Listed entries:
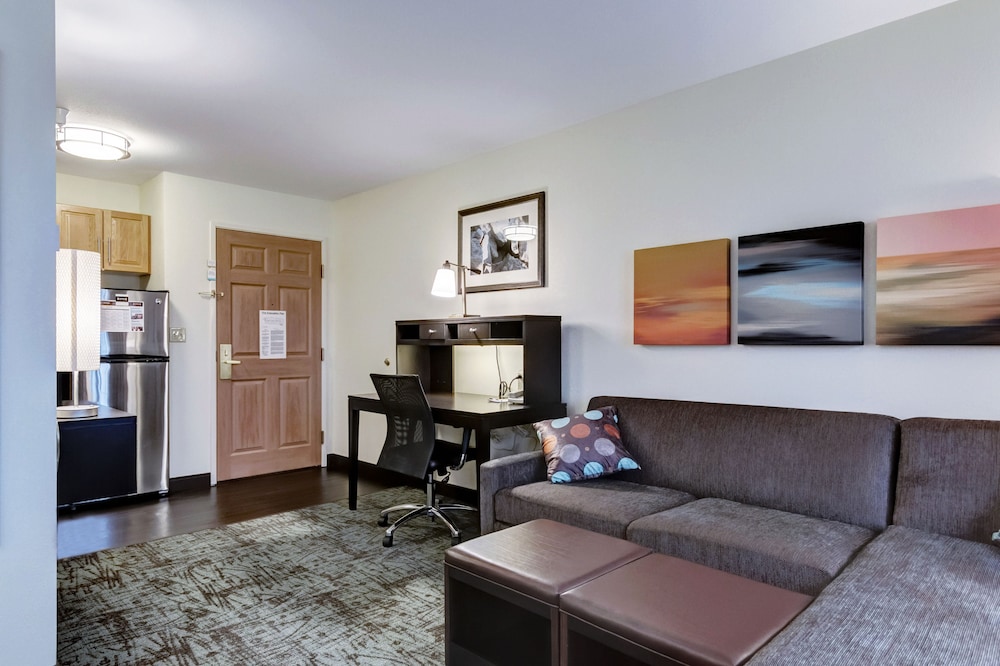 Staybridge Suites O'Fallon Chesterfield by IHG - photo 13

...

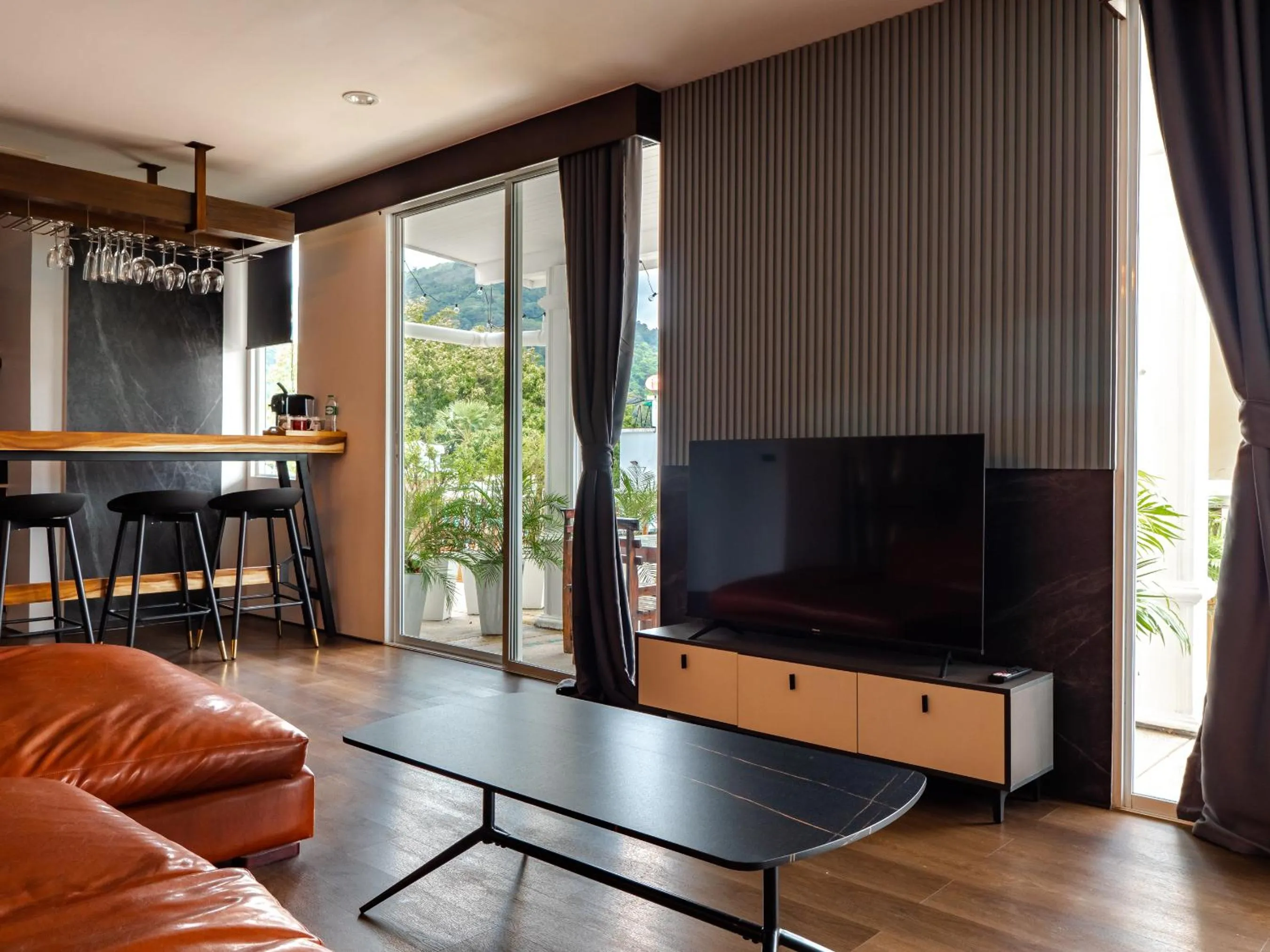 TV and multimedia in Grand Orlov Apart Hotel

==

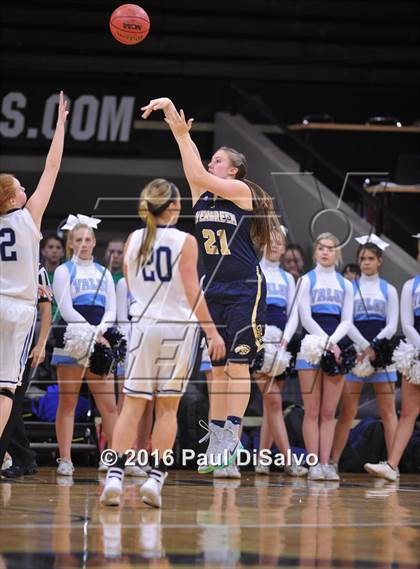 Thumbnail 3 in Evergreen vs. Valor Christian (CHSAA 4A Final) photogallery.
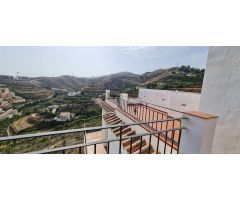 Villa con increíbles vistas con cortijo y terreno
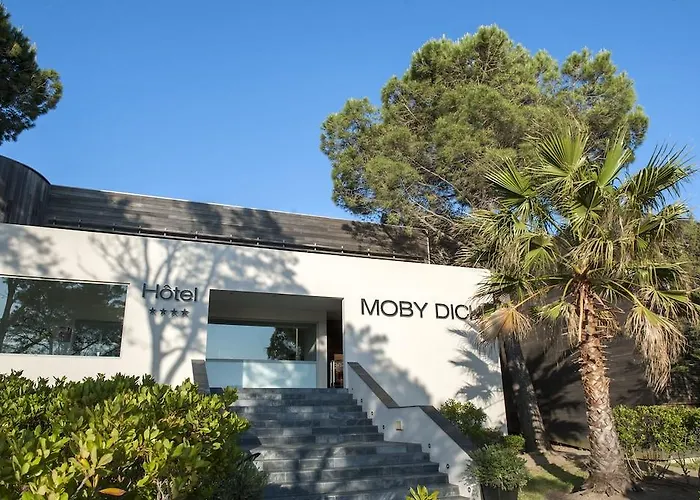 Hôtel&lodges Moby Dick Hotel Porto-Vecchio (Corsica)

What is needed:
Exact copy, pictures excluded: from the line with "Villa con increíbles" up to and including the line with "Hôtel&lodges Moby Dick" in the data above.

Task answer:
 Villa con increíbles vistas con cortijo y terreno
 Hôtel&lodges Moby Dick Hotel Porto-Vecchio (Corsica)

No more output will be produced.